Occupiers’ Liability Act Considered: Sometimes a Fall is Simply an Accident

Sometimes a fall is simply an accident. In a recent Ontario Superior Court decision, Nandlal v. Toronto Transit Commission, 2014 ONSC 4760, a judge held that it is not reasonable to expect a public transport occupier to continuously and immediately cleanup after its patrons if they leave debris on stairs.

Sarojanie Nandlal slipped and fell on a flight of stairs at a busy transport hub in Toronto for rapid transit trains, buses, and a subway. After getting off a train, she moved toward a stairwell that connects the rapid transit platform with the bus and subway platforms. She slipped and fell as she walked down the stairs, breaking her clavicle. She then brought an action for negligence against the Toronto Transit Commission (TTC), alleging that the TCC breached its duty of care under the Ontario Occupier’s Liability Act. The TTC responded by bringing a motion for summary judgment to dismiss Nandlal’s action.

Nandlal believed that she slipped on debris at the top of the stairs. She had seen debris in the transport hub that morning and had frequently seen debris there in the past. Yet, she did not see debris where she fell on the day of the accident.
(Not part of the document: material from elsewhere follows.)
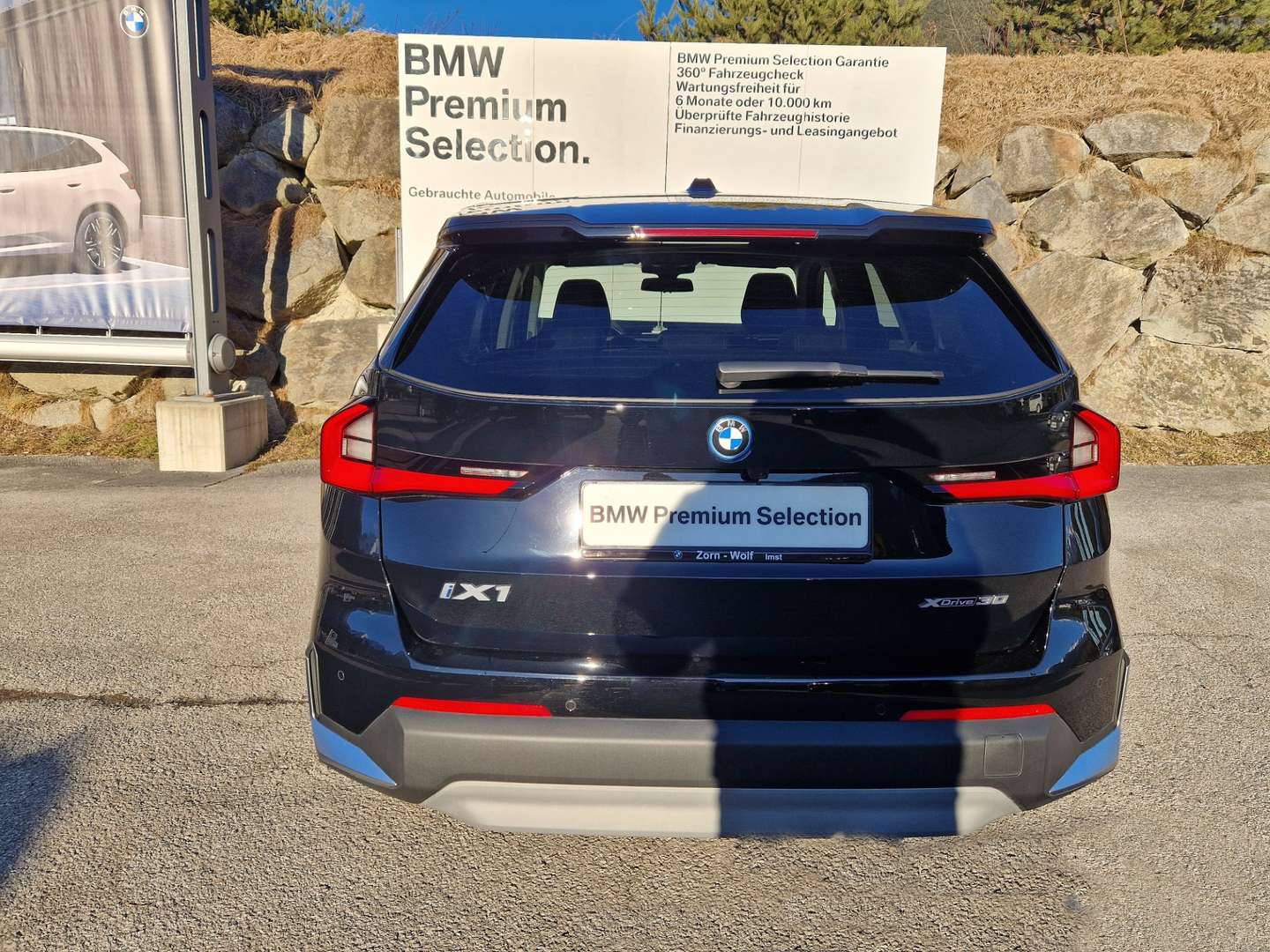 BMW IX1 XDrive30 - 2025 - Joinsteer - #14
She did not know what she stepped on, but believed that she stepped on something. No witnesses could confirm seeing any debris on the stairs. The stairway tiles were non-slip and did not need repairs.

Nandlal needed to provide evidence that the steps were slippery and had debris. Even if she could establish this, her case would only succeed if the TTC failed to show that it took reasonable care to ensure that Nandlal and others were reasonably safe from the slippery steps.
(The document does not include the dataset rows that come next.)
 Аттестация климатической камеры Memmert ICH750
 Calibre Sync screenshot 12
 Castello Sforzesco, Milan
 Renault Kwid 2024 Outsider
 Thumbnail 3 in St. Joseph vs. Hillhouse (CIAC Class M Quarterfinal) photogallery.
Nandlal, however, failed to provide any direct evidence that there was debris on the stairs. She only provided a belief. Although she was alert and walked with care, she did not see any debris. Justice Perell found that she only offered a subjective rationalization. Seeing debris in other parts of the station that day and in the past does not lead to the inference that there was a debris hazard at the top of the stairs on the day of the accident.

Even if there was debris at the top of the stairs, Nandlal did not establish that the TTC failed to meet its duty under the Occupier’s Liability Act to keep the station reasonably safe for its patrons. The TTC had assigned a janitor to be on duty exclusively at the transport hub at the time of the accident. His tasks included responding to problems and performing a regularly scheduled cleaning of the area. The janitor had scanned the entire area for hazards requiring immediate attention at the beginning of his shift. He then began his regular maintenance and cleaning work.

Citing Attorney General v. Ranger, Justice Perell held that it is important for a court to use common sense when applying the Occupier’s Liability Act. Falls at bus terminals, airports, seaports, train stations, and subway stations occur without someone being responsible. Falls occur on stairs everywhere because they are just accidents. It was not reasonable or practicable to expect the TTC to continuously and immediately cleanup after its patrons who litter its premises, including its staircases.